Task details
The only acceptable output is every entry, printed exactly.

◆ ◆ ◆

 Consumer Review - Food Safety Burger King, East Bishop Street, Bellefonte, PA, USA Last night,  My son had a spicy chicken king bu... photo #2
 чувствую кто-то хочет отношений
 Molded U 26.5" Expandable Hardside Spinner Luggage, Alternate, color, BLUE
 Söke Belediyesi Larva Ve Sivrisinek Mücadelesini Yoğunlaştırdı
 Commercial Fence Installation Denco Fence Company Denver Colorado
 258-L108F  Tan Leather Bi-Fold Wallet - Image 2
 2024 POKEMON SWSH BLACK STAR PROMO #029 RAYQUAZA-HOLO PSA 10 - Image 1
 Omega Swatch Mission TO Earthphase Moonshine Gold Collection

◆ ◆ ◆

Response
 Consumer Review - Food Safety Burger King, East Bishop Street, Bellefonte, PA, USA Last night,  My son had a spicy chicken king bu... photo #2
 чувствую кто-то хочет отношений
 Molded U 26.5" Expandable Hardside Spinner Luggage, Alternate, color, BLUE
 Söke Belediyesi Larva Ve Sivrisinek Mücadelesini Yoğunlaştırdı
 Commercial Fence Installation Denco Fence Company Denver Colorado
 258-L108F  Tan Leather Bi-Fold Wallet - Image 2
 2024 POKEMON SWSH BLACK STAR PROMO #029 RAYQUAZA-HOLO PSA 10 - Image 1
 Omega Swatch Mission TO Earthphase Moonshine Gold Collection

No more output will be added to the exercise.